Resumen de Advanced modelling of metallic nanomaterials for catalysis
Nanoparticles are highly relevant for catalysis due to their nanostructure, which increases the fraction of surface atoms, and the size dependent morphology and properties. Catalytic properties of nanoalloys also depend on the composition and chemical ordering. Therefore, it is important to understand how geometrical and topological features of mono- and bimetallic nanoparticles affect their stability and reactivity of the exposed surface sites.
This Thesis deals with computational study of monometallic and bimetallic nanoparticles using methods based on Density Functional Theory (DFT). First, the exchange-correlation functional PBE was identified to reproduce experimental bulk and surface properties of Transition Metals overall more accurately than other examined functionals VWN, PBEsol, RPBE and TPSS. The performance was further improved by choosing exchange and correlation parameters between those of PBE and PBEsol functionals or restoring the linear spin approximation of PBEsol. The d-band center was found the most robust and transferrable among the studied electronic descriptors for different functionals.

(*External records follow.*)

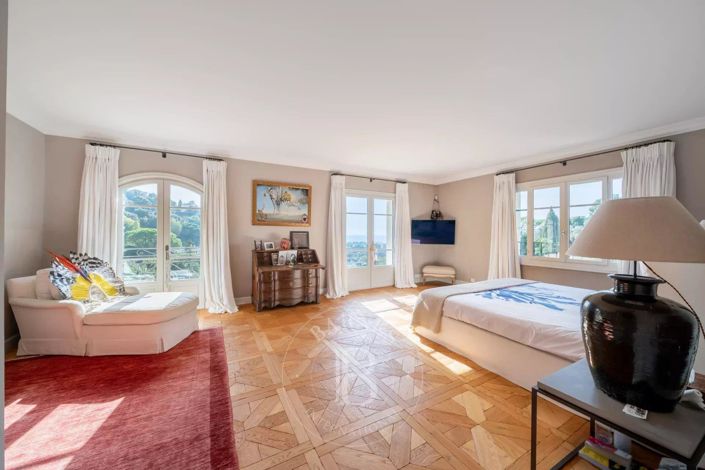 Image No.26-5 Bed House for sale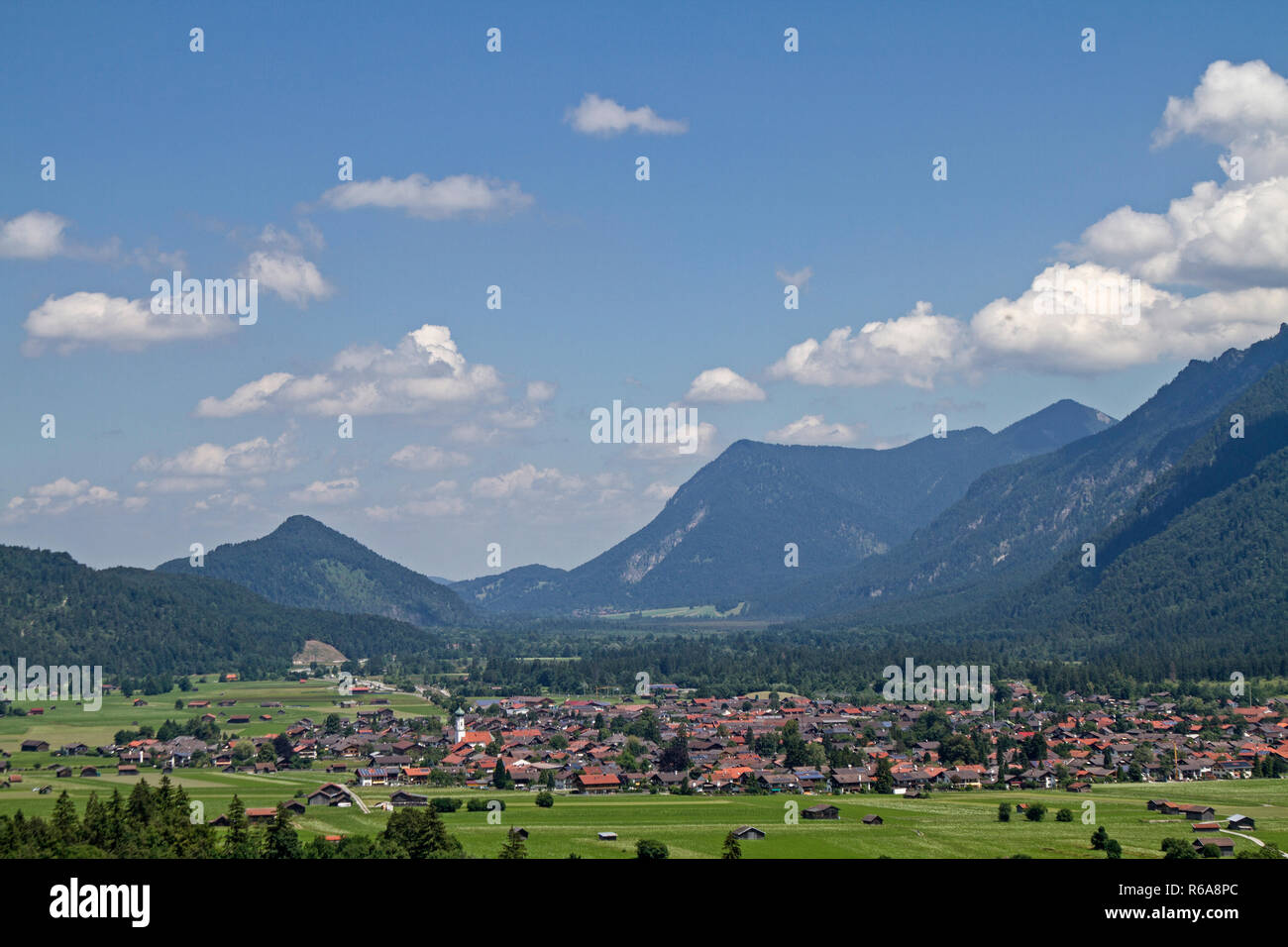 Idyllisches Dorf Im loisach Foto Stock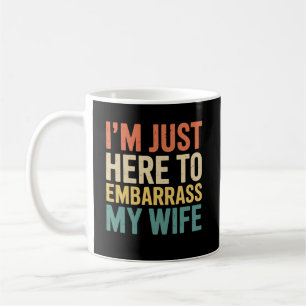 Mug Je suis juste là pour embarrasser ma femme drôle m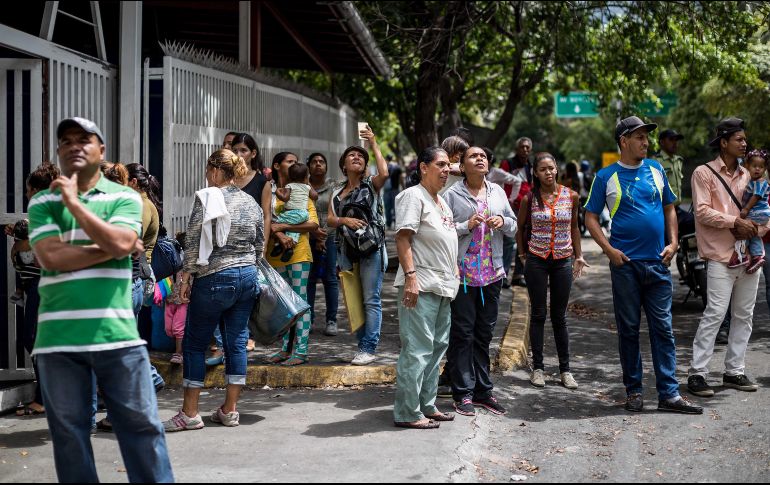En ciudades como Bogotá, Ibagué, Medellín y Cali, algunos habitantes salieron a la calle por temor a posibles réplicas. EFE / ARCHIVO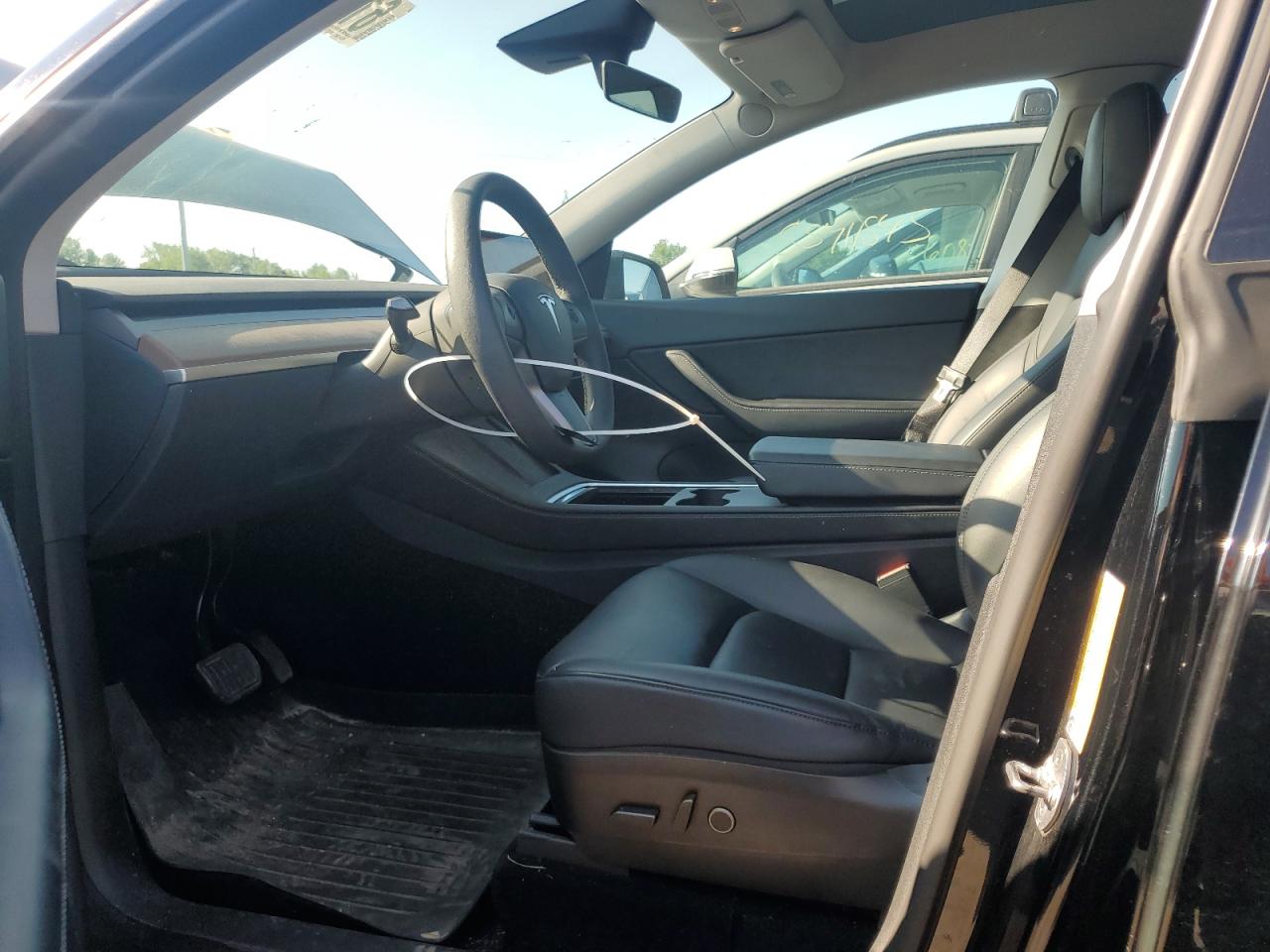 2022 Tesla Model Y VIN: 7SAYGDEE4NF449624 Lot: 61930345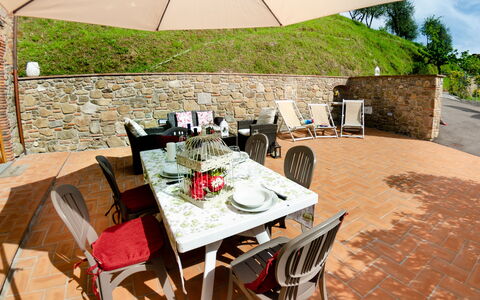 Alla Piazzetta Proprietà: Propriété, Maison, Pièce, Immobilier, Table, Meubles, Bâtiment, Chalet, Domicile, Biens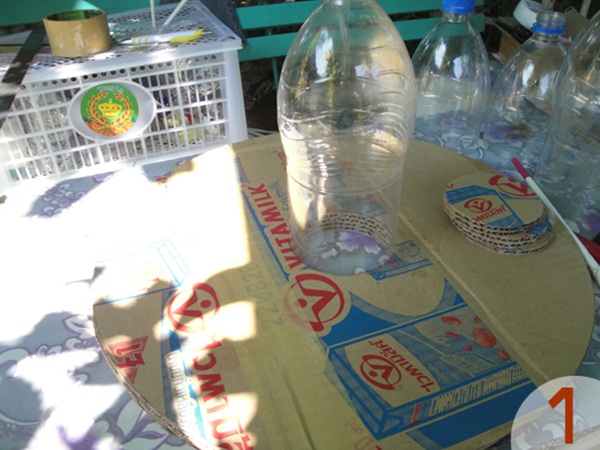 DIY ที่ลับเล็บแมวจากขวดพลาสติก ไอเดียนี้เหมียวปลื้ม DIY ที่ลับเล็บแมวจากขวดพลาสติก ไอเดียนี้เหมียวปลื้ม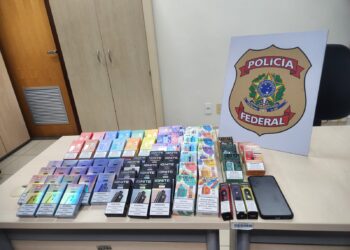 Federais prendem contrabandista e aprendem dezenas de cigarros eletrônicos em bairro nobre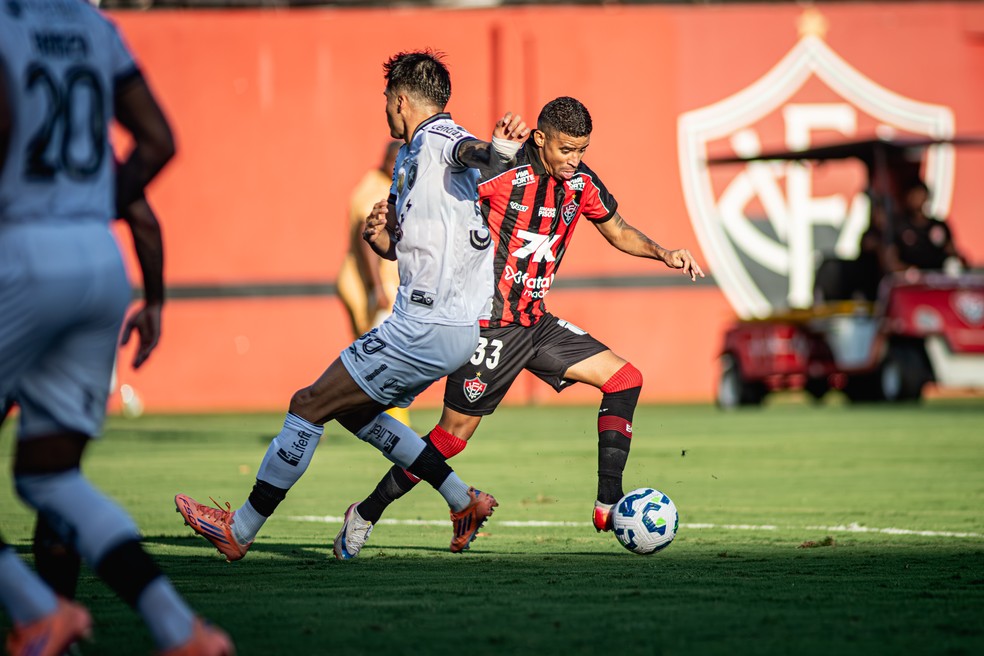 Imagem ilustrativa sobre Vitória x Botafogo: Onde assistir ao vivo, horário, escalações e arbitragem pelo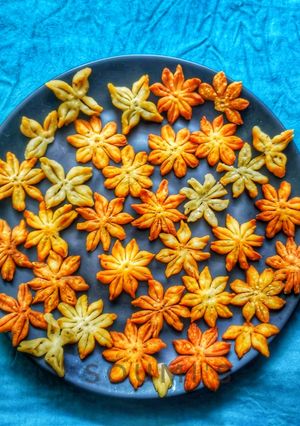 ফুল নিমকি (Flower mathari recipe in Bengali) রেসিপির প্রধান ছবি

For different monometallic Pd nanoparticles it was shown that their energies can be quantitatively described using linear dependence on the quantity of atoms with different coordination numbers. Whereas employing such morphological features as number of corner sites, length of the edges, particle area and volume allowed only a qualitative energy prediction.
Equilibrium chemical ordering for bare PdRh, PtNi, PtAu, PtAg, and PtCu bimetallic nanoparticles at low temperature was determined employing the so-called Topological Method parameterized on DFT data. Effects of temperature and reactive environment on the chemical ordering were also evaluated. A remarkable experimental finding of our collaborators is that CO molecules can bind stronger on some core@shell Cu@Pt particles than on pure Pt particles. It was rationalised by DFT calculations of specific surface sites, such as single Pt atom surrounded by surface Cu atoms, under-coordinated Pt atom, Pt adatom and vacancies with missing Pt atoms.